I am currently with family in Burlington, ND, which is eight miles west of Minot (more photos at the WaPo link). For those that are not aware, Minot is currently being devastated by historic floods.
For some background:
Local CBS affiliate KXMC's amazing facebook page is here (you don't have to be a member of facebook to view the page). There are some great viewer photos on here that KX has been incorporating into their coverage. Here is the streaming page for KX, where Minot's own Josh Duhamel (of Transformers fame) has been following while in Moscow (he called into KX here), while using his celebrity to get our message out to a larger audience. KX has continually been putting up cameras on tops of buildings to give viewers more and more shots of their city. If you have some time, and are interested, I highly recommend you following along here.
The crew at KX has been on-air 24/7 for the past week or so, and they have been nothing short of perfect in their coverage. I cannot adequately put into words how great they have been.
The Minot Red Cross chapter's website is here, for those so inclined to help out. Please and thank you for your donations in advance.
Update - 7:15 CDT: WOW! I just heard on KX that our little town of Burlington, all 1,100 of us -- with outside volunteers, of course -- filled over 650,000 ... 650 freakin thousand! ... sandbags in the past week or so. Just wow.
Photos -- taken with my phone, so apologies in advance if they're not the best quality --below...
This is the street my family lived on when I was growing up:
Water creeping up on a church:
The diamond in the center of the picture is the peak of an entry way:
Putting in a boat on the street I grew up on:
I couldn't get any closer, so this is zoomed pretty far. I couldn't tell if this was a trailer or a camper:
An outdoor covered garage:
Update from the NYT, per a reminder from Keith930 in the comments:
MINOT, N.D. — Moving from their hillside condominium to a just-built house near the meandering waters of the Souris River, the Rasmussens, like so many of their neighbors, never even contemplated buying federal flood insurance.
After all, the once flood-prone river — known locally as the Mouse, after its French name — had seemingly been tamed by public works projects that reshaped the channel, raised the banks and controlled the flow of water.
When the federal government lifted a requirement a decade ago that low-lying valley homes have flood insurance, most residents stopped buying it.
But another problem facing residents of Minot is a consequence not of failing to control the river but of decades of doing so successfully: just one in 10 homes in the flood zone still have flood insurance.
“Some citizens have been lulled into a false sense of security because we have had such good results,” said Dean Frantsvog, the City Council president.
Michael Bart, chief of engineering and construction for the St. Paul District of the United States Army Corps of Engineers, said nobody could have anticipated a flood of this magnitude, with water levels almost six times what the system was designed to take.
“The system was working,” he said. “This is a Noah flood. As in big, large, historic.”
Gov. Jack Dalrymple said, “It will change the way people manage water in this river valley from now on.”

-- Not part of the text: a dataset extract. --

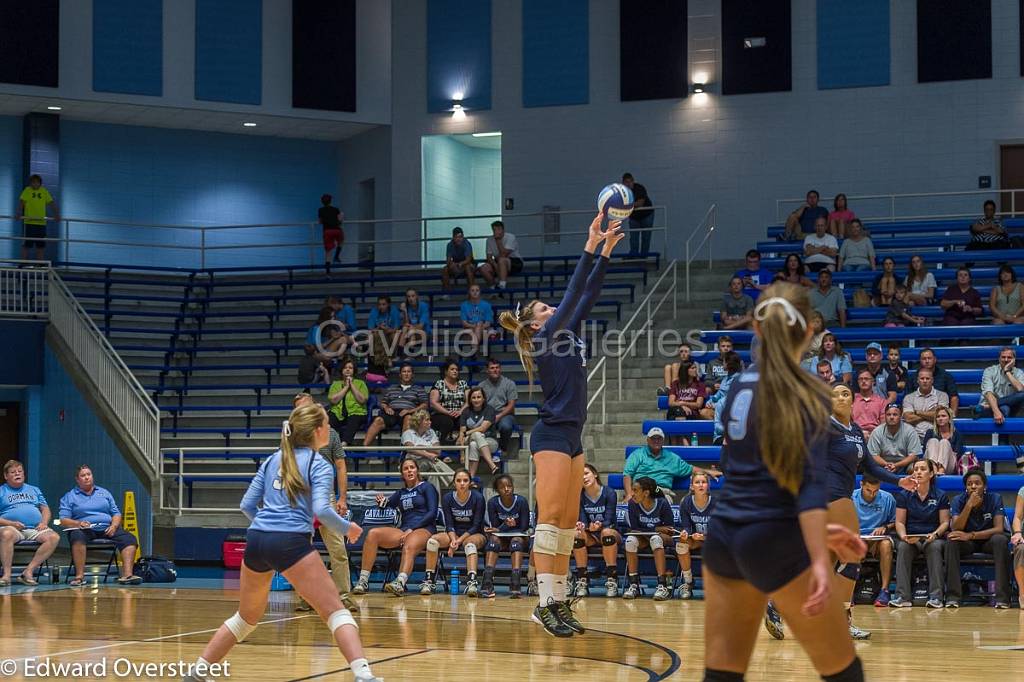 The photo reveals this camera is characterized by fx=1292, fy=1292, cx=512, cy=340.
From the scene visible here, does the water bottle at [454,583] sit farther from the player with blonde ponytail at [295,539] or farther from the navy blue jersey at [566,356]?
the player with blonde ponytail at [295,539]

The last time a major flood hit this city, North Dakota’s fourth largest, was in 1969, and the widespread damage prompted the construction of new flood protection systems along the Souris, which sends its waters in a brief loop through North Dakota before returning to Canada. The river channel was made wider, deeper and straighter. The banks were raised. And a series of new dams along the river in both Canada and the United States allowed for more control of water flow.
In 2000, federal officials revised the boundaries of flood maps to show a river that — even in the unlikely event of a 100-year flood — was expected to largely remain inside its banks.